Mais encore, le droit comparé nous enseigne que des pays comparables aux nôtres, tels l’Algérie, l’Egypte, le Liban, le Sultanat d’Oman, le Congo, mais encore l’Italie et la Belgique, octroient seulement aux présidents du parlement et à leurs vice-présidents les passeports diplomatiques. Toujours selon la même source sus-citée : «Certains Etats le précisent dans leurs textes législatifs. A l’instar de la Suisse : les passeports diplomatiques et les passeports de service servent exclusivement à faciliter le passage des frontières ; à être admis dans l’Etat accréditaire. Ils ne donnent droit à aucun privilège diplomatique ou consulaire».

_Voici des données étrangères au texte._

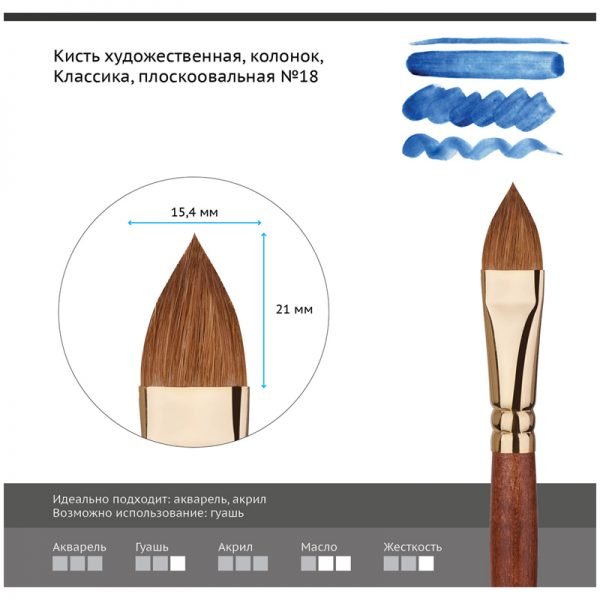 Кисть художественная колонок Гамма "Классика", плоскоовальная №18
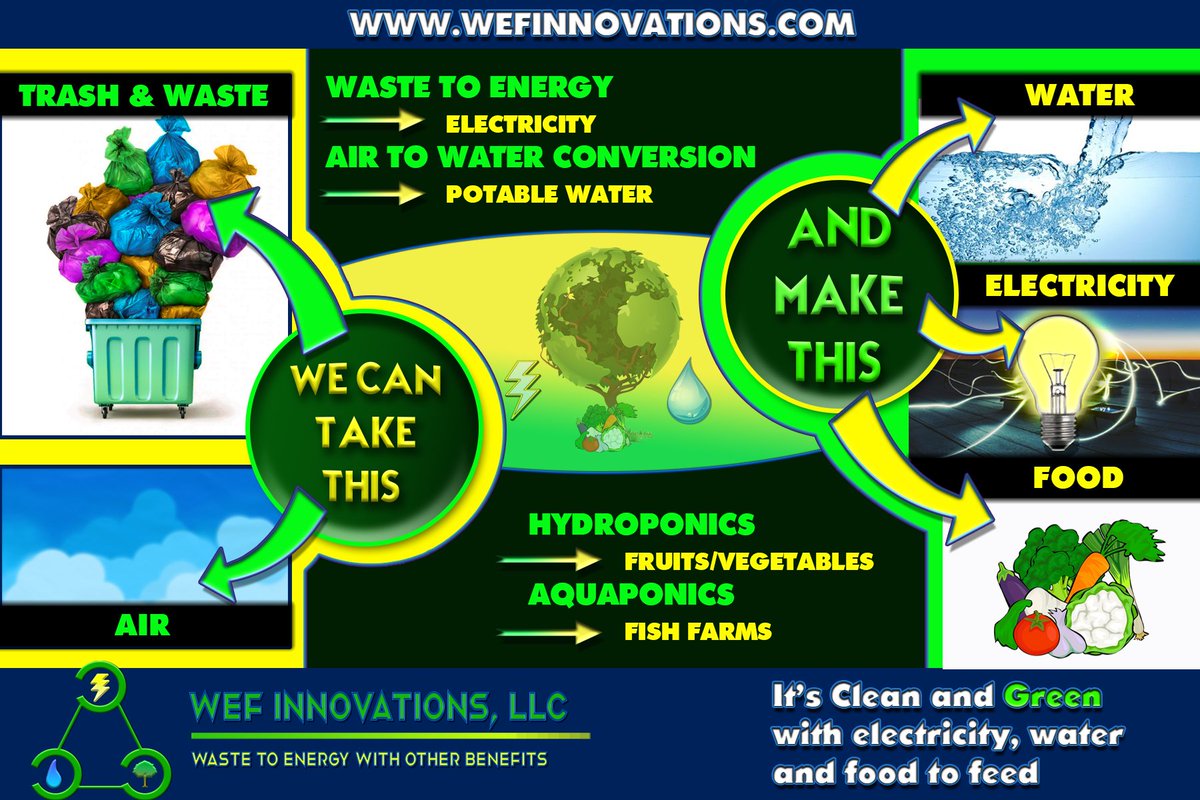 WEFinnovations's tweet photo. @Sec_Noem Here is an amazing way to provide electricity and manage all of your waste by using our waste to energy technologies. You would be able to generate enough electricity to sell back and profit while eliminating cost for garbage, waste and sewage! @GovRonDeSantis https://t.co/c2XwORoQrs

Force est de constater, non sans amertume, que si les législatures changent, les mentalités des élus ou d’une partie d’entre eux restent les mêmes. Cette affaire de passeport diplomatique nous rappelle une autre similaire et tout aussi regrettable, les augmentations que se sont octroyé les constituants et autres élus du peuple au palais du Bardo nuitamment et à l’abri des regards. Notre personnel politique a beau se revendiquer de référents idéologiques et familles politiques distinctes et parfois même antagonistes, historiquement et jusqu’à nos jours, lorsque les intérêts personnels sont en jeu, l’intérêt suprême de l’Etat et celui du peuple sont relégués au second plan. Vite oubliés les beaux discours et les promesses électorales. Rapidement occultés l’idéalisme révolutionnaire, l’humilité et la grande austérité censés accompagner le processus démocratique tant acclamés à cor et à cri face aux caméras.